Есть и другие перспективы на эту войну. Глобальный Юг смотрит на нее со своим прищуром: он оценивает ее как войну России с глобальным Севером, Западом, колониальным центром. А в перспективе Запада (и в моем понимании) российское вторжение — абсолютное преступление против прав человека, против верховенства права, против права народов на самоопределение. После Второй мировой войны мир существовал как баланс государственного суверенитета и суверенитета человека с его неотъемлемыми правами. И война России против Украины нарушила этот порядок, поставив под угрозу достижения долгого международного правового развития.

В этом сложном контексте украинцы себя показали политическим сообществом, готовым сопротивляться России и отстаивать свою свободу, свое право на самоопределение и общемировые интересы в мире, основанном на праве.

— Украинцы одни из тех постсоветских народов, которые открыто и активно занимаются преодолением советского наследия, не испытывая показной «ностальгии», как их соседи. Насколько им это удается не только внешне, через «ленинопад» и переименование городов и улиц, но и внутренне?

— В Украине сохраняется многообразие идентичностей. Часть из этих идентичностей неразрывно связана с разными советскими периодами — досталинским большевистским проектом коренизации или с советской культурной идентичностью, возникшей в связи с победой во Второй мировой войной. Но есть и идентичности, связанные с антисоветскими движениями или досоветскими реалиями. Впрочем, наиболее влиятельные идентичности возникали и развивались в постсоветские времена, и именно они определяли политическое воображение современных украинцев.

Одним словом, в Украине очень силен плюрализм идентичностей. Но при этом есть огромная адаптивность украинского населения к меняющейся ситуации. Вместе с коллегами мы написали и издали книгу, посвященную истории постсоветской Украины, где есть целая глава о том, как украинцы себя идентифицировали в последние тридцать лет.

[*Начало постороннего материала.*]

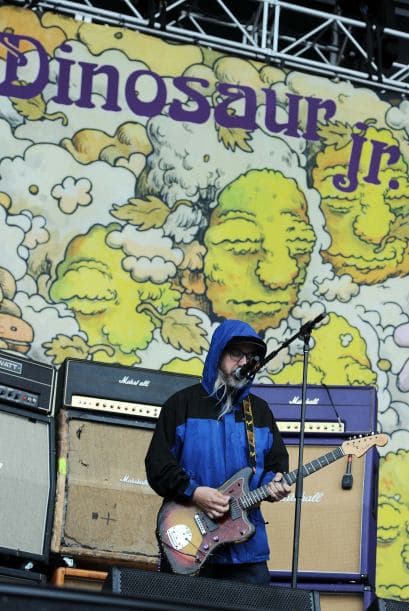 Canciones como de la banda The Velvet Underground, rock neopsicodélico con The Brian Jonestown Massacre, el rock alternativo de Dinosaur Jr., música de Iggy Pop, Pixies y The Stones Roses. Toda una cátedra musical nos podría dar el centrocampista del Real Madrid.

Поскольку начиная с 2014 года Россия показала себя врагом всех граждан Украины, и при этом использовала в своей пропаганде советские и имперские символы, в идентичности украинцев все глубже и глубже стала укореняться враждебность не только к России, но и символам, отсылающим к СССР. Это не уникальное явление. Если почитать дневники британцев 1939 года, видно, как там с первыми бомбардировками возникает огромная германофобия. Под влиянием войны меняется воображение политических сообществ. Начиная с 2014 года отказ от многих советских имен связано именно с этим.

Но гораздо важнее не переименования — это поверхностный слой. Гораздо важнее преодоление советского наследия, которое проявлялось в нашей демократизации, либерализации, идеологическом плюрализме и плюрализме экономических укладов. Война и реакция на нее несет угрозу этим достижениям, что может ресоветизировать Украину, хотя у улиц и площадей будут другие имена. Пока в Украине удается удерживать завоевания свободы постсоветской поры, но угрозы им растут.

Настоящая десоветизация проявляется в уважении к праву и многообразию жизни. Именно этот аспект ценен в украинском политическом опыте последних тридцати лет. И я надеюсь, что отступления от уважения к своему разнообразию в Украине не будет.